簡単な工作ですが、色々試した結果、結局、放熱効率の良い金属素材で接点を最小限にして熱が伝導しないようにし、風通しもしっかり確保して熱が蓄積されないようにするのが一番いいという結論になりました。耐熱素材をあれこれ巻きつけたりしてみたこともあるのですが、結局、寝袋などにも通じる話で、空気こそ最強の断熱素材、というわけです。
実際のテントへのインストール
ちょっといい感じの写真がないのですが、上記のようなカバーを付けた上で実際にTschumのテント内にストーブを設置すると以下のようになります。
中から見るとこんな感じです。↓
TschumのSoswaの場合、上から被せるカバーの構造上、垂直に立つ煙突を通すと、どうしてもある程度隙間が空いてしまうのですが、Tschumが公式サイトで販売しているPoshehonkaストーブだと煙突を斜めにできるので隙間はもう少し小さくできるんだろうと思います。
最後に
今回の記事で取り上げている煙突カバーの工作や適用方法は、わたしが実際に複数回試して、自分自身で確認した上で使用しているものですが、Winnerwell社やTschum社はもとより、わたしも、他の方に対してこうした使用を推奨したり、その機能性や安全性を保証するものではありませんし、同様の方式を使用したこと、あるいは使用しなかったことに起因する直接、間接を問わずいかなる損害ないし不測の事態などに対して、一切の責任を負いません。

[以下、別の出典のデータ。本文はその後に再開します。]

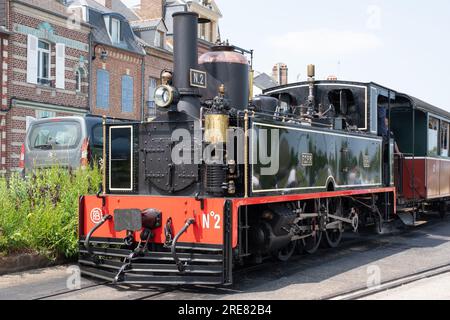 Chemin de Fer de la Baie de somme, locomotiva numero 2 che lascia St Valery sur somme Foto Stock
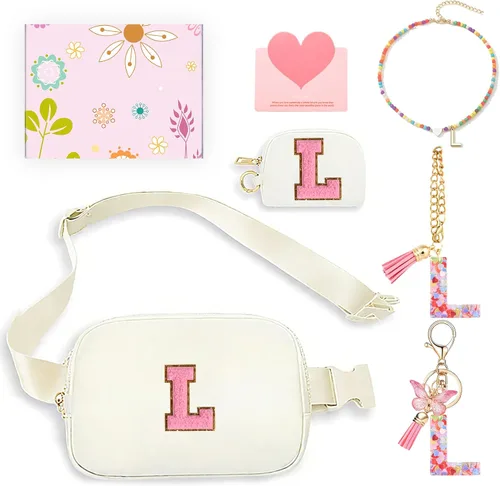 Vista 16 de Regalos de moda para niñas adolescentes, cangurera con monograma para niña con llavero, collar, dijes de taza, tarjeta de felicitación y caja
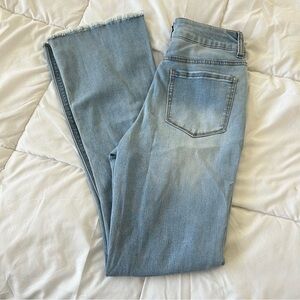High Rise Slim Fare Size 7 light jeans boot cut
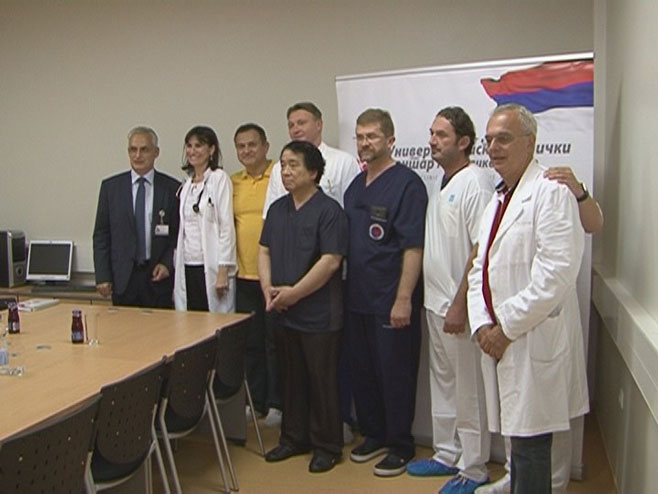 Јapanski kardiolog sa timom UKC Srpske - Foto: RTRS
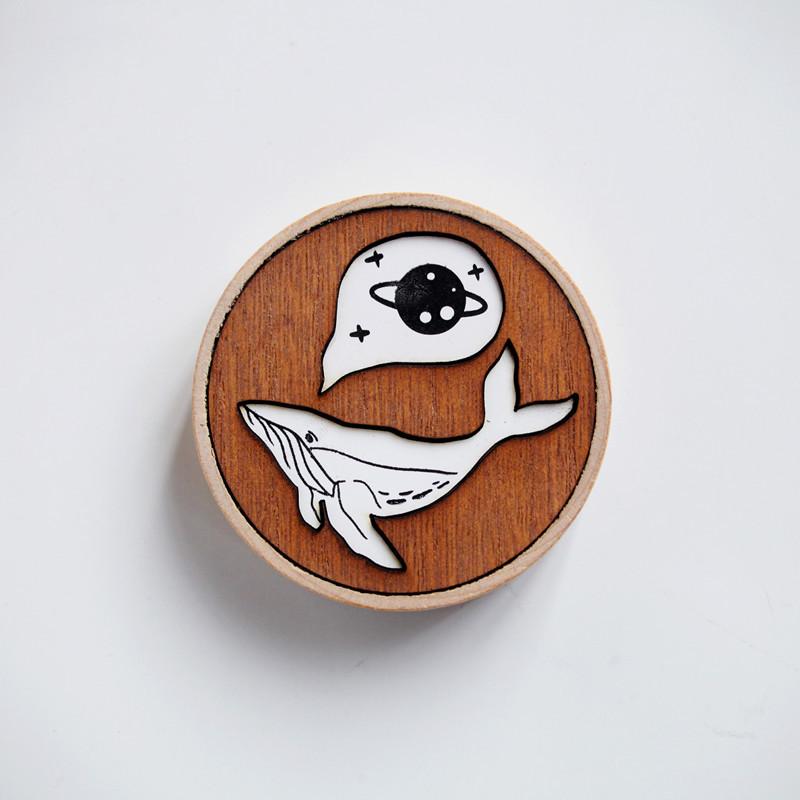 

Creative Personality Magnetic Beer and Wine Bottle Opener with Refrigerator Magnet
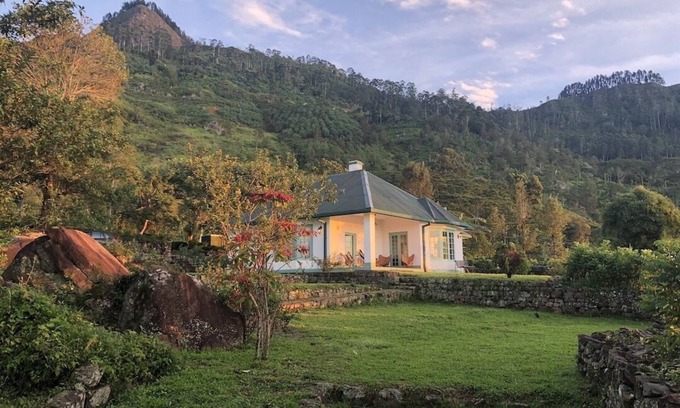 Hildummulla Cottage | Idyllic Cottage Retreat on Organic Tea Estate with Pool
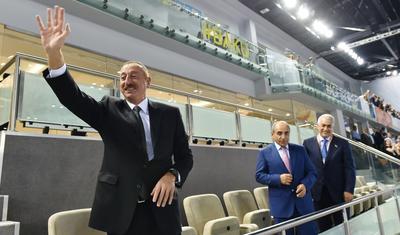 İlham Əliyev millinin oyununu izlədi və alqışladı - FOTOREPORTAJ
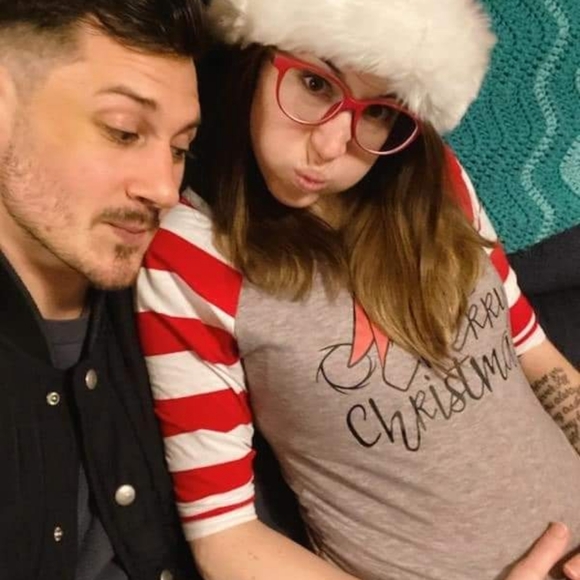 Maternity Christmas Shirt - Picture 4 of 4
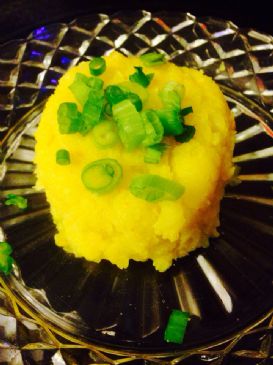 Parsnip-Cauliflower Mash with Turmeric Root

また今回の記事はTschumの「コットン素材」のテントSoswaと合わせた利用を前提にしたものです。今回取り上げている煙突カバーはわたしが確認している範囲だけでも100℃程度の高温になりますので、ポリエステル系など、一般的に使用されているテントシートの素材に対しては十分致命的な温度です。そうした素材のテントにはまったく別の準備が必要ですので、その点はくれぐれもご承知おきください。
薪ストーブについては、くれぐれも各自がご自身の責任の下に、安全に対する配慮・注意を十全に払った上でご利用されるよう、改めてお願いいたします。その上で、皆さま、楽しいキャンプをお過ごしくださいませ。